* **BRIEF**:
Only one span of the listing below is wanted: the lines from the one with "DRESHOW 8 Pack" through the one with "ポルトモネロザリ モノグラムアンプラント ピンク", reproduced exactly, both ends kept.

* **INPUT DATA**:
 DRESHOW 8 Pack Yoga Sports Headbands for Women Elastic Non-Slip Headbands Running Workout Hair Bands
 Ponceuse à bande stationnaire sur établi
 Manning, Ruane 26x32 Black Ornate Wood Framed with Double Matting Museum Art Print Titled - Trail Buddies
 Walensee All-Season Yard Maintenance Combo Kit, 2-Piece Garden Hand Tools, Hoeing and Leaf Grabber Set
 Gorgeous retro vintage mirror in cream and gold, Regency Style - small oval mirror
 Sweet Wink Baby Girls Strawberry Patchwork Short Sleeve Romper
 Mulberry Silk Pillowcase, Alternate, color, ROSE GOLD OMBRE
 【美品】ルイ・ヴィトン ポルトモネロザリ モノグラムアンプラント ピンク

==

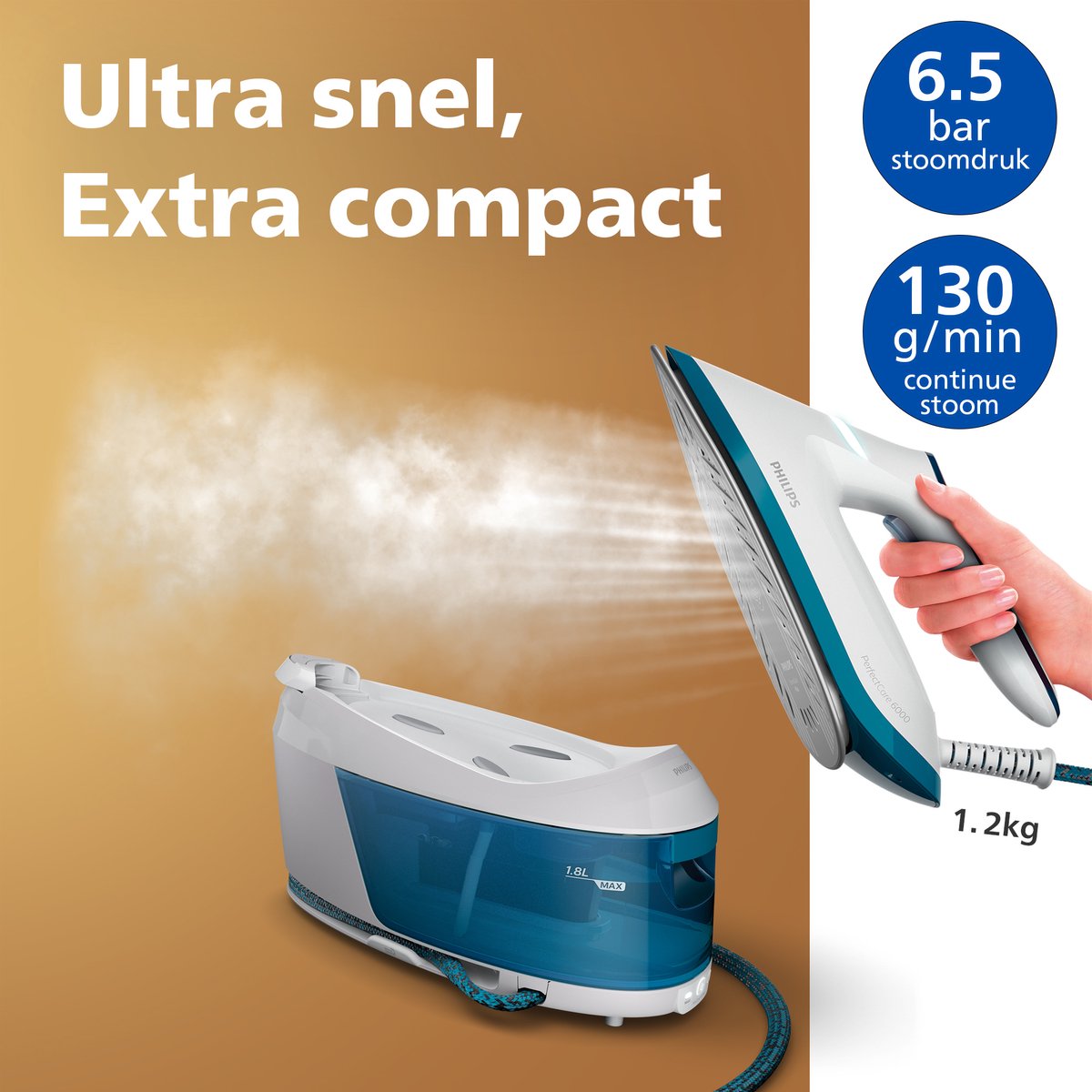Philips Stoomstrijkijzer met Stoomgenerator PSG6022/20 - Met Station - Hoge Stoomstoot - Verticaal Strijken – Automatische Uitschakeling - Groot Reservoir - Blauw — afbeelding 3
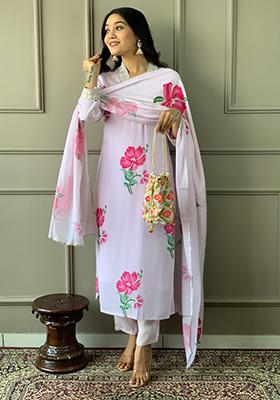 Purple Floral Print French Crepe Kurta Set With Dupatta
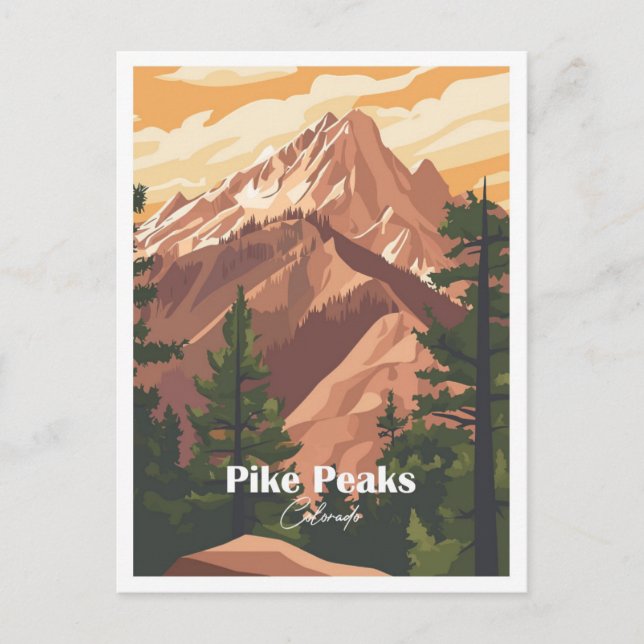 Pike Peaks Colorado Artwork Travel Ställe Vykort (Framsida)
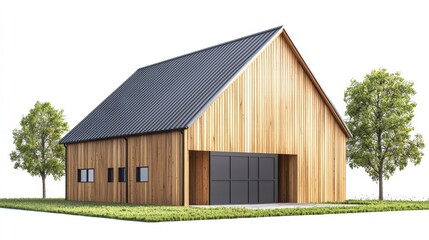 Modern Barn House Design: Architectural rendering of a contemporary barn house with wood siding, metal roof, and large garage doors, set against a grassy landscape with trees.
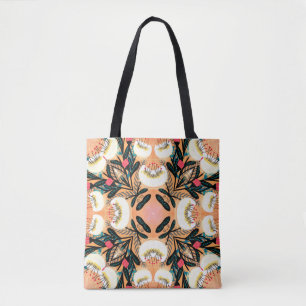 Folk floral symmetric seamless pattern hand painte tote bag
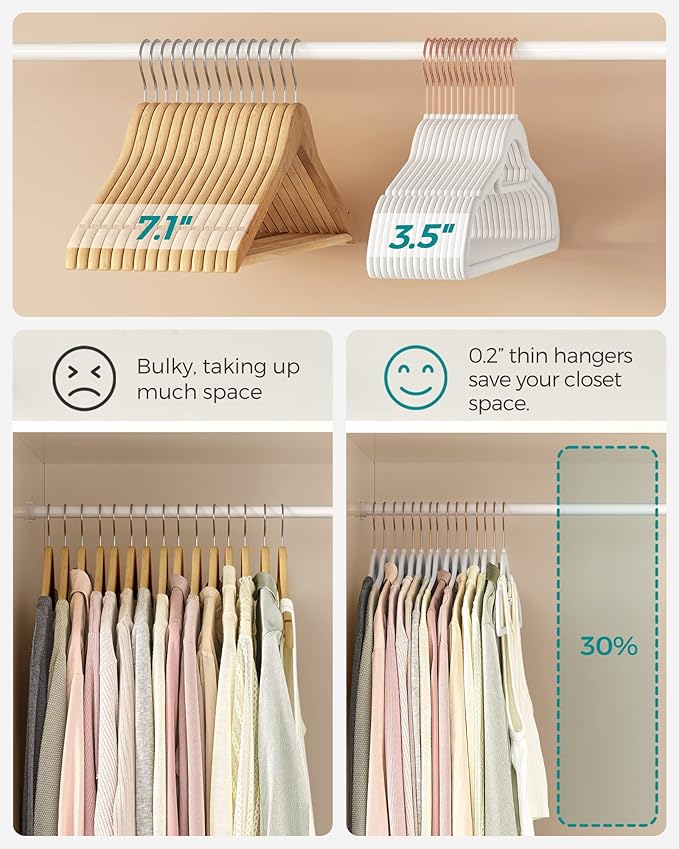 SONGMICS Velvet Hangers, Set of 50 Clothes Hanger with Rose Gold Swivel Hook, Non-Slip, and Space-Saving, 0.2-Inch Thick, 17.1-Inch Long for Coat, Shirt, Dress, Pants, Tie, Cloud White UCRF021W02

* **SOLUTION TO THE EXERCISE**:
 DRESHOW 8 Pack Yoga Sports Headbands for Women Elastic Non-Slip Headbands Running Workout Hair Bands
 Ponceuse à bande stationnaire sur établi
 Manning, Ruane 26x32 Black Ornate Wood Framed with Double Matting Museum Art Print Titled - Trail Buddies
 Walensee All-Season Yard Maintenance Combo Kit, 2-Piece Garden Hand Tools, Hoeing and Leaf Grabber Set
 Gorgeous retro vintage mirror in cream and gold, Regency Style - small oval mirror
 Sweet Wink Baby Girls Strawberry Patchwork Short Sleeve Romper
 Mulberry Silk Pillowcase, Alternate, color, ROSE GOLD OMBRE
 【美品】ルイ・ヴィトン ポルトモネロザリ モノグラムアンプラント ピンク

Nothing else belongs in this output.